Copy exactly the lines from the first line of the records below through the line containing "Transpalettes éléctriques 2016", including both, and nothing else.

Caption-style text data:
-=-=-=-=-

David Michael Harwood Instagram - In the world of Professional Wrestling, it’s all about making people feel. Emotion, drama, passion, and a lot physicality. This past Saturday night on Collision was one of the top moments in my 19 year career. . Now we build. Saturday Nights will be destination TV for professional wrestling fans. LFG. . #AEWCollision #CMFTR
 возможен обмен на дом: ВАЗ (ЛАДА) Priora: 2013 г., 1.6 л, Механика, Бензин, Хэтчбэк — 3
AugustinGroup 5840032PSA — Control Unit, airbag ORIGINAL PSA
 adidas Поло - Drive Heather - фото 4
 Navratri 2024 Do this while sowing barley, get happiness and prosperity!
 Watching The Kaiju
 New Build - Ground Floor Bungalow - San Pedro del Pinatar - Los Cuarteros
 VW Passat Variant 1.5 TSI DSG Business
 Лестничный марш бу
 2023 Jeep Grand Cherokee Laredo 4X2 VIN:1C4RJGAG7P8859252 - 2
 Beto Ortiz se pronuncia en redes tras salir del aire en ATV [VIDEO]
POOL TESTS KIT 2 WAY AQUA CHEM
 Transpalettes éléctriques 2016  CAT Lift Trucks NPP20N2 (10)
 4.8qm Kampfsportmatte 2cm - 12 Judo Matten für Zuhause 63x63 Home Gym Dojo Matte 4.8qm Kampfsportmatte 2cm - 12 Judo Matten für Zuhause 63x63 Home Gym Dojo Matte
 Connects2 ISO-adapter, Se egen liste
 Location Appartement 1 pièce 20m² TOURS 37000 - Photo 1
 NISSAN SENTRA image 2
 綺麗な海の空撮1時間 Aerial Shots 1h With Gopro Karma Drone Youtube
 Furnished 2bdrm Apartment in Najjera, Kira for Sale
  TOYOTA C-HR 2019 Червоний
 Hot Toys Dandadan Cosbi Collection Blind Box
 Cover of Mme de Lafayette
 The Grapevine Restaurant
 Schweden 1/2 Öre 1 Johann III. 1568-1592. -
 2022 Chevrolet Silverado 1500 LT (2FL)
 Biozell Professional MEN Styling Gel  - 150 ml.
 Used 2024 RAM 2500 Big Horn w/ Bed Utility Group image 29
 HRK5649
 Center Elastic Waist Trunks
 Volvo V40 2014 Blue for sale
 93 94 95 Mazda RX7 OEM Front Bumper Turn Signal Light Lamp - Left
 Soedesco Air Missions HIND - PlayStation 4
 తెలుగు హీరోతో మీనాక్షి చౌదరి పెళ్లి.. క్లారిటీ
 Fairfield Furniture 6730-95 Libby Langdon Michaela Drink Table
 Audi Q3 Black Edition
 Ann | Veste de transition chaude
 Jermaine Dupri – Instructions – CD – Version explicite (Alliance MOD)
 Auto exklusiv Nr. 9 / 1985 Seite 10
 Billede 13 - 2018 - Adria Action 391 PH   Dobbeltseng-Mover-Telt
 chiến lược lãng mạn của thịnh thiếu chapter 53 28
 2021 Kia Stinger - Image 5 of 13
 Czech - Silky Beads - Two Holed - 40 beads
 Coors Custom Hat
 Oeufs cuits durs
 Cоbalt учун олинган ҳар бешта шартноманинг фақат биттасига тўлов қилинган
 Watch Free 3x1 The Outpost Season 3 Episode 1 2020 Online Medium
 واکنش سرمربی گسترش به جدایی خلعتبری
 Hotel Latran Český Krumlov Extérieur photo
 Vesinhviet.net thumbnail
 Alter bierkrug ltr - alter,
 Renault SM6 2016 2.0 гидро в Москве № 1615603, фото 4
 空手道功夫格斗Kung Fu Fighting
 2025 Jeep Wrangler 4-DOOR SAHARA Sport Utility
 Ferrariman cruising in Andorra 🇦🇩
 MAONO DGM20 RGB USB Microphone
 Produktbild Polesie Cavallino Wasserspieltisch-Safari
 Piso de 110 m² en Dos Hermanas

-=-=-=-=-

EXERCISE RESPONSE:
David Michael Harwood Instagram - In the world of Professional Wrestling, it’s all about making people feel. Emotion, drama, passion, and a lot physicality. This past Saturday night on Collision was one of the top moments in my 19 year career. . Now we build. Saturday Nights will be destination TV for professional wrestling fans. LFG. . #AEWCollision #CMFTR
 возможен обмен на дом: ВАЗ (ЛАДА) Priora: 2013 г., 1.6 л, Механика, Бензин, Хэтчбэк — 3
AugustinGroup 5840032PSA — Control Unit, airbag ORIGINAL PSA
 adidas Поло - Drive Heather - фото 4
 Navratri 2024 Do this while sowing barley, get happiness and prosperity!
 Watching The Kaiju
 New Build - Ground Floor Bungalow - San Pedro del Pinatar - Los Cuarteros
 VW Passat Variant 1.5 TSI DSG Business
 Лестничный марш бу
 2023 Jeep Grand Cherokee Laredo 4X2 VIN:1C4RJGAG7P8859252 - 2
 Beto Ortiz se pronuncia en redes tras salir del aire en ATV [VIDEO]
POOL TESTS KIT 2 WAY AQUA CHEM
 Transpalettes éléctriques 2016  CAT Lift Trucks NPP20N2 (10)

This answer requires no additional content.